To monitor their success, most organisations conduct customer satisfaction surveys, but many do so very badly, producing inaccurate, even misleading information that is totally unsuitable for decision making or for monitoring organisations real success in meeting their customers requirements.
This is the first fully referenced text on measuring and monitoring customer satisfaction. It combines the experience of three practitioners from the UK s leading specialist in customer satisfaction surveys with published practitioner and academic knowledge from both sides of the Atlantic. It provides a clear, step by step guide to conducting a customer satisfaction survey that will produce a measure that accurately reflects how satisfied or dissatisfied customers feel and will reliably monitor changes in customer satisfaction over time.
As well as a thorough explanation of relevant research techniques, the book fully explores the differences between customer satisfaction and loyalty as well as the relationship between the two.
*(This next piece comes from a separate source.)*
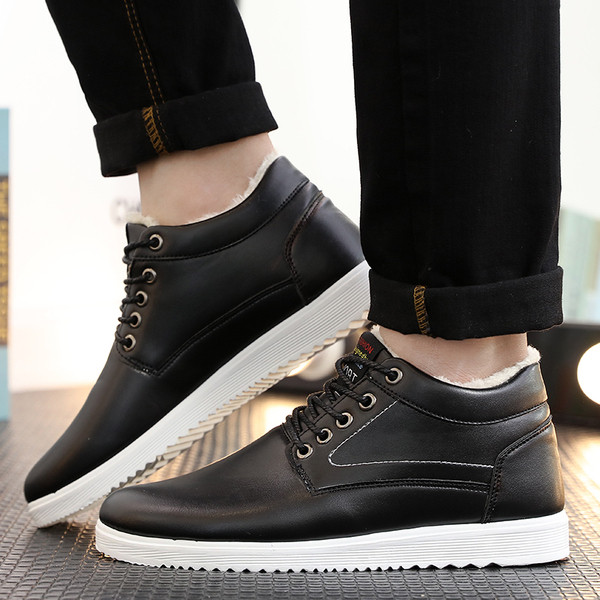 Aktuális férfi cipő puha műbőr béléssel, három színben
It also explains how customer satisfaction makes companies more successful and focuses on how to produce actionable outcomes from surveys that will help organisations to improve customer satisfaction.
It is suitable for managers and practitioners who are responsible for customer service, satisfaction or loyalty in their organisations or for senior management seeking a better understanding of this key aspect of business success. For students, lecturers and relevant academic courses, the book provides the only comprehensive and fully referenced text on the subject.